The view from the Crack Shack
Rain! Beautiful rain! I finally got a good tropical down pour to quench my parched yard. It has been a relatively cool, but dry summer for my part of Florida. And anyway, I love rain. Nothing refreshes the Earth like good, clean rain. I always wonder at the interactions of the atmosphere when the rains finally come. There is no sunny day that can claim more beauty than a warm, clean tropical rain. It comes, it goes, the land steams and life surges back into withered, dry leaves and stems. Its wonderful. Its beautiful, and I love it. Anyway, a while back someone was asking for cultural things like recipes so here's one with a heritage.
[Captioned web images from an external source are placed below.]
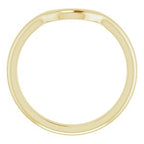 Wedding Band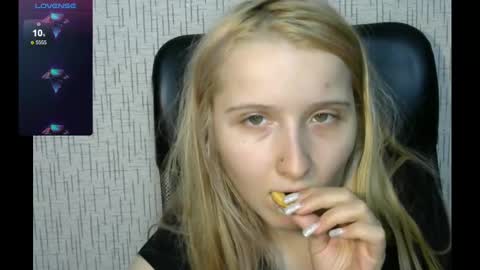 Amanda online show from 02.09.25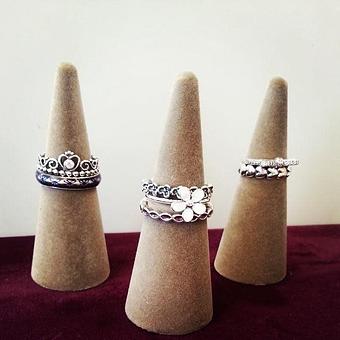 Product - Heart And Home Main Street in Newark, DE Home Health Care Service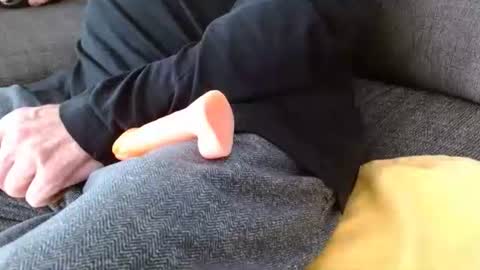 dunany101 online show from 26, 11, 2025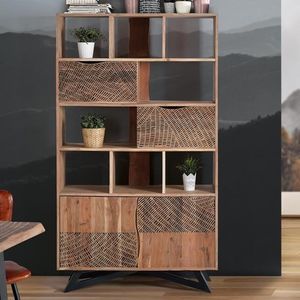 libreria contemporanea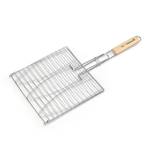 Barbecook Fischbräter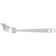 products/hohmann-retractor-curved-orthopedic-surgical-instrument.jpg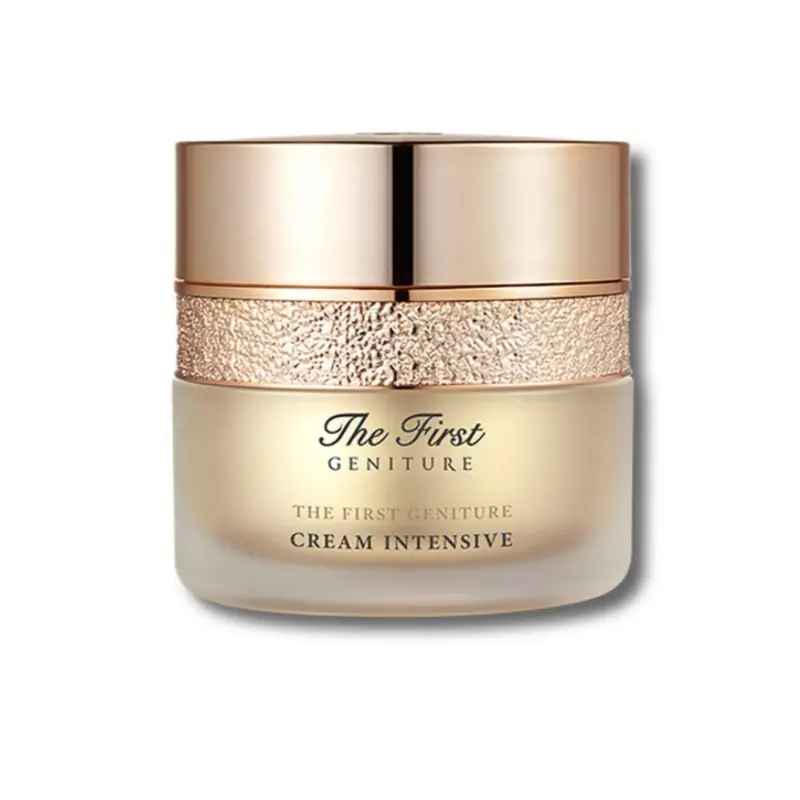 O HUI The First Geniture Cream Intensive 55ml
Mackey Edge is gone now for many years. He was a subsistance fisherman like many, if not most Minorcans here. He made his own cast nets and lived by using a seasonal knowledge of what natural bounty would put food on the table and money in his pocket. I'll write more about his family and our Minorcan history later. This simple recipe he gave me on the beach one late-summer evening at Porpoise Point while cast netting mullet (our official animal mascot and food source).
Mackey's Mullet

Take a good, fat roe mullet approx. 2lb. (a black or striped mullet (Mugil cephalus)
Gut the scaled,fish and clean the body cavity,leave the roe in.
Salt/pepper the body cavity
Fill belly with a fat slab of smoked bacon, a pat of butter and one or two datil peppers (depending on your heat tolerance, one will make most men cry)
Wrap in foil and bake at 325 F for 30 minutes or until fish flakes.
Drink beer, eat and laugh with your family.